District officials said specifics about the 2013-14 budget situation will not be known until after the state’s annual revenue estimating conference in January or February and that even then, Ann Arbor’s financials could still change depending on the budget Gov. Rick Synder proposes for the School Aid Fund for fiscal year 2014.
Stead said there also is a “frightening” set of bills that have been proposed in the State Legislature that could destroy traditional public education. One in particular, House Bill 5923, would permit “any thing,” a business, a municipality, etc., to become a school and to educate children.
“School districts in this state are going to be a thing of the past if these guys keep passing this kind of legislation,” Stead said.
She said her understanding of the bill is that it would establish the concept of anytime, anywhere, any place and any pace learning that Snyder has been pushing since taking office.
Her concerns are that not only would this force school districts to become focused on pupil accounting rather than children’s education, it would cause traditional districts to continue to rapidly lose more students and, as a result, funding than already has been the trend across the state.
Stead said the bill would allow a parent to send his or her child to one school district for part of the child’s curriculum and then to another district for a completely different part, causing schools to spend a significant amount of time tracking where each pupil goes and accepting credits and charting GPAs from a myriad programs.
Trustee Andy Thomas said Ann Arbor Public Schools is trying to grow its Schools of Choice program to attract new enrollees through the district but has struggled to really meet its goals.
He said he doesn’t think the district has a good understanding of what it needs to do to market to families enrolling their kids in private or charter schools.
Stead said rather than focusing on cuts, she would like administrators to look seriously at program reform and new educational models and methods, such as “flipping” classrooms in certain courses where it made sense.

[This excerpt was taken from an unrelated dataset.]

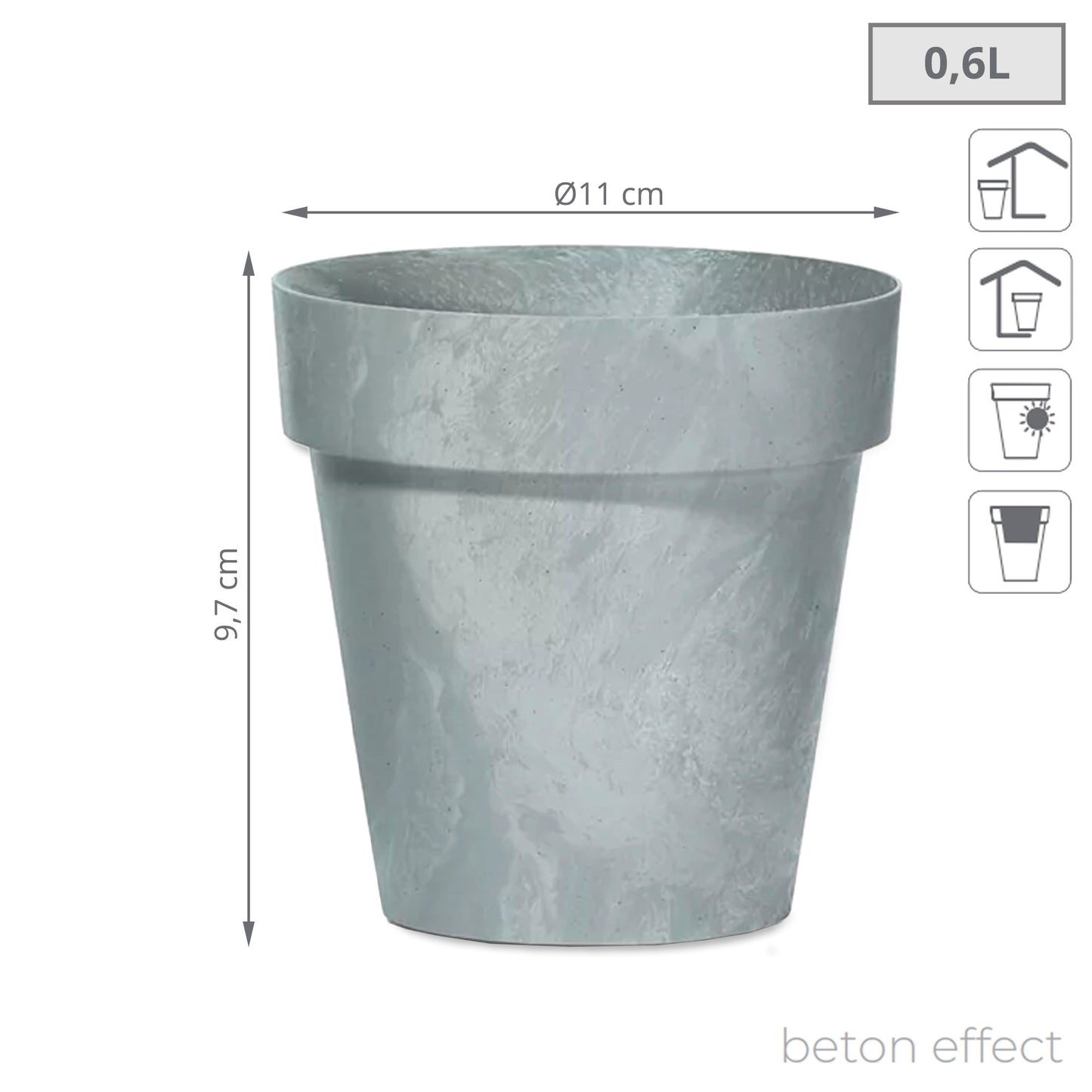Maceta Cube Beton Effect 0,6l., Dimensiones (mm) 110x110x97, Color Hormigón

She said this would entail perhaps using something like Khan Academy’s online lectures and have students watch the instruction at home and use class time to engage with teachers and their peers to apply the lessons and to get help in areas where they are struggling.
“If we were to do it in certain content areas, it might be OK to have 50 kids in a class and reduce staff but get better performances from students,” Stead said.
She said elementary schools may not be a great place to reduce any more teaching staff, but a flip classroom — or a lecture-style class, as Trustee Simone Lightfoot suggested — could be possible in the middle or high schools and be a better way to make cuts, rather than the equal FTE reductions across all buildings the district has done in the past.
“Building by building doesn’t look programmatic so much and we can’t take up to $20 million out of our budget without reducing FTEs. We’re about where we can go with fund equity,” Stead said, adding that 85 percent of the district’s budget each year is employees.
Ultimately, new charter schools and, if HB 5923 passes, “any fast food restaurant that happens to be an achievement center,” Mexicotte said, is the district’s competition for students.
“So I feel like we’re stuck between a rock and a rock and a rock and a rock and a hard place,” she said. “It’s the same every single year. And what we have (as a district) is something this community likes more or less just the way it is.”
She said it’s difficult to be in a position where the district needs “shiny and new” to stay afloat financial and to attract students, but yet “so much of what we have been working on we believe have been working and working well.”